ASSIGNMENT:
Transcribe the whole listing exactly, but do not carry over its pictures.

SUPPLIED MATERIAL:
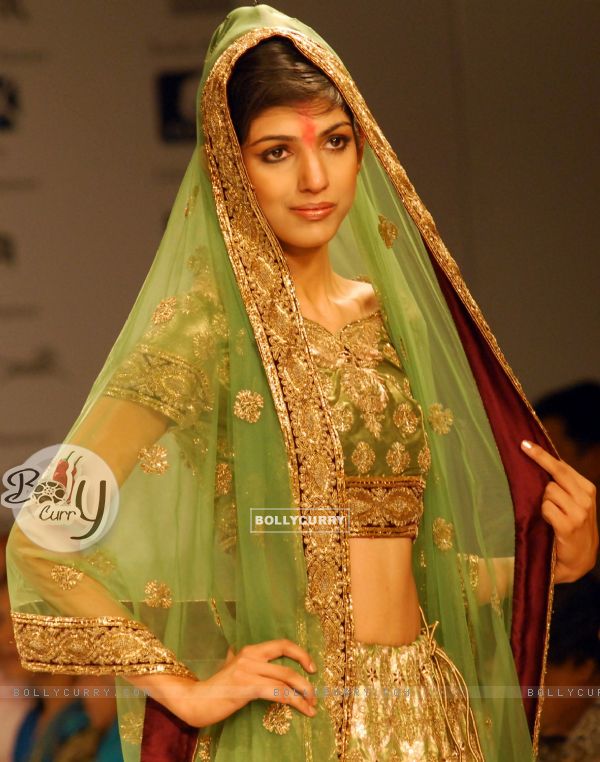 A model catwalks in an outfit design by a designer at the Kolkata Fashion Week in Kolkata on 10th Sep 2009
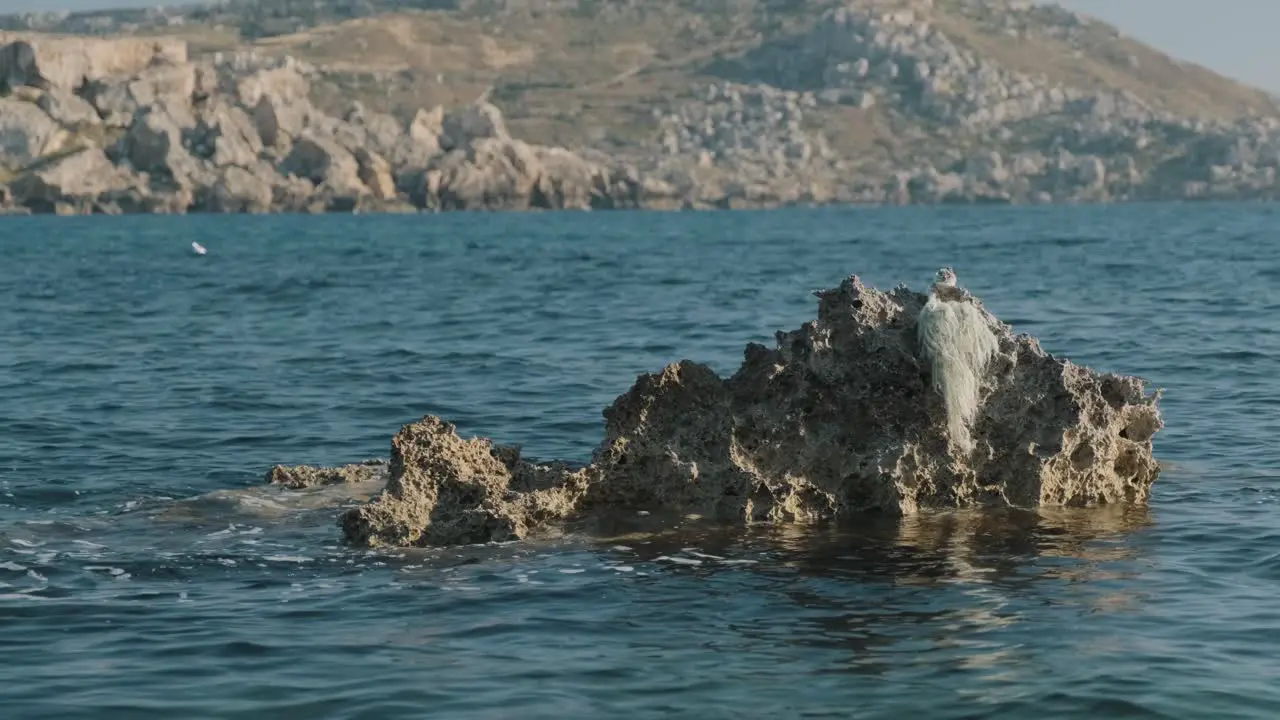 Water gently splashes on a rock formation in the middle of the sea with an arid stony mountain landscape in the background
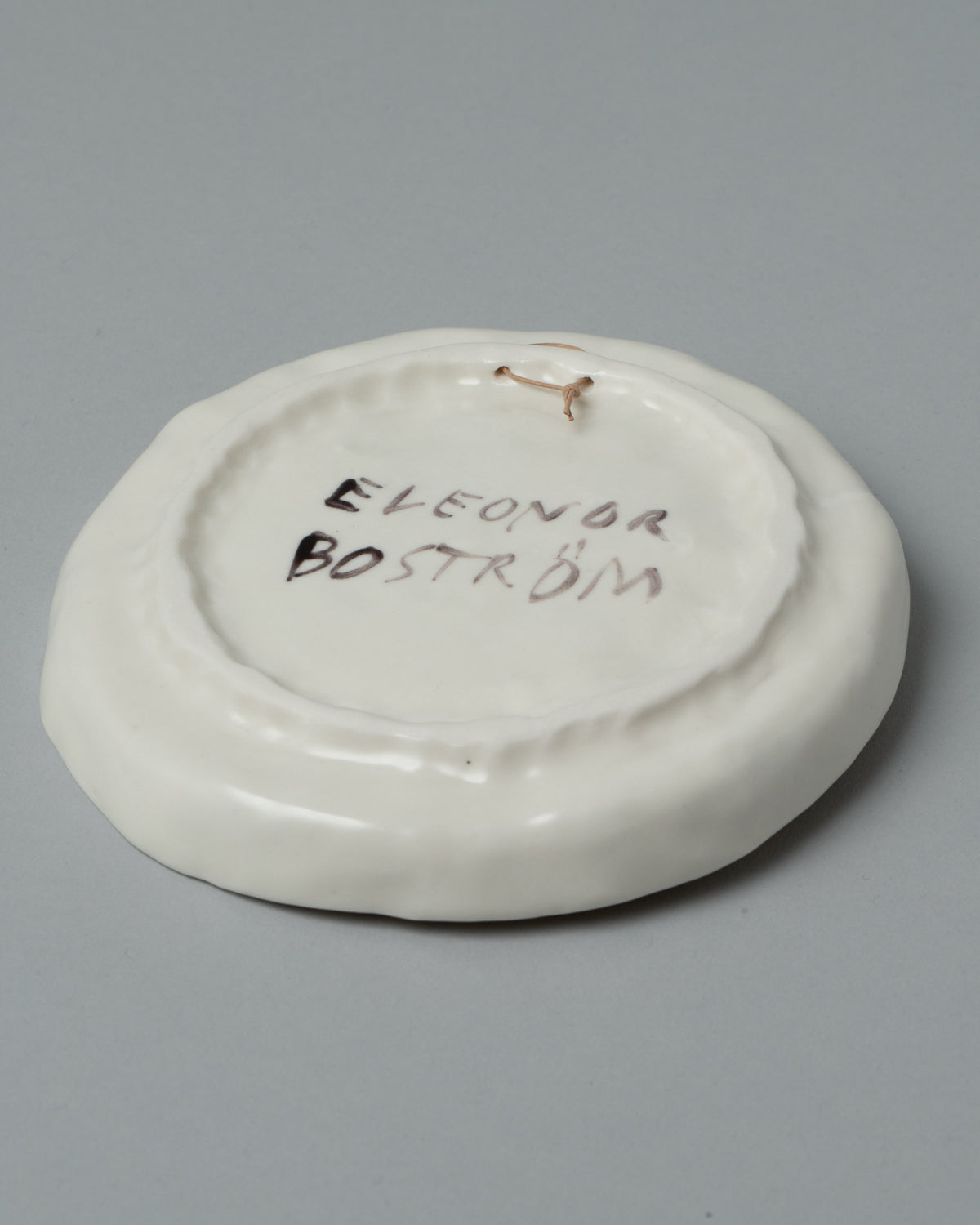 View from the back of the Eleonor Boström Hanging Dog Dish on light color background.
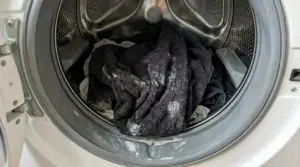 Cestello della lavatrice con bucato scuro e residui di detersivo, segnale di lavaggio che rende i capi duri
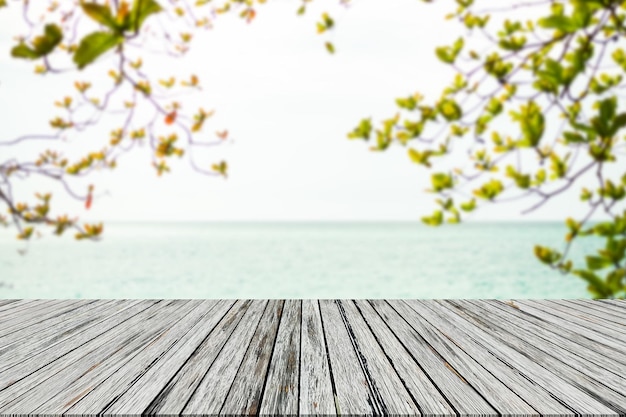 Leaves with wooden on sea blank table on blue water shore and blue sky at coast sunlight blur bokeh on ocean mockup tropical seaside Tourism relax vacation travel summer holidays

ANSWER TO THIS EXERCISE:
 A model catwalks in an outfit design by a designer at the Kolkata Fashion Week in Kolkata on 10th Sep 2009
 Water gently splashes on a rock formation in the middle of the sea with an arid stony mountain landscape in the background
 View from the back of the Eleonor Boström Hanging Dog Dish on light color background.
 Cestello della lavatrice con bucato scuro e residui di detersivo, segnale di lavaggio che rende i capi duri
 Leaves with wooden on sea blank table on blue water shore and blue sky at coast sunlight blur bokeh on ocean mockup tropical seaside Tourism relax vacation travel summer holidays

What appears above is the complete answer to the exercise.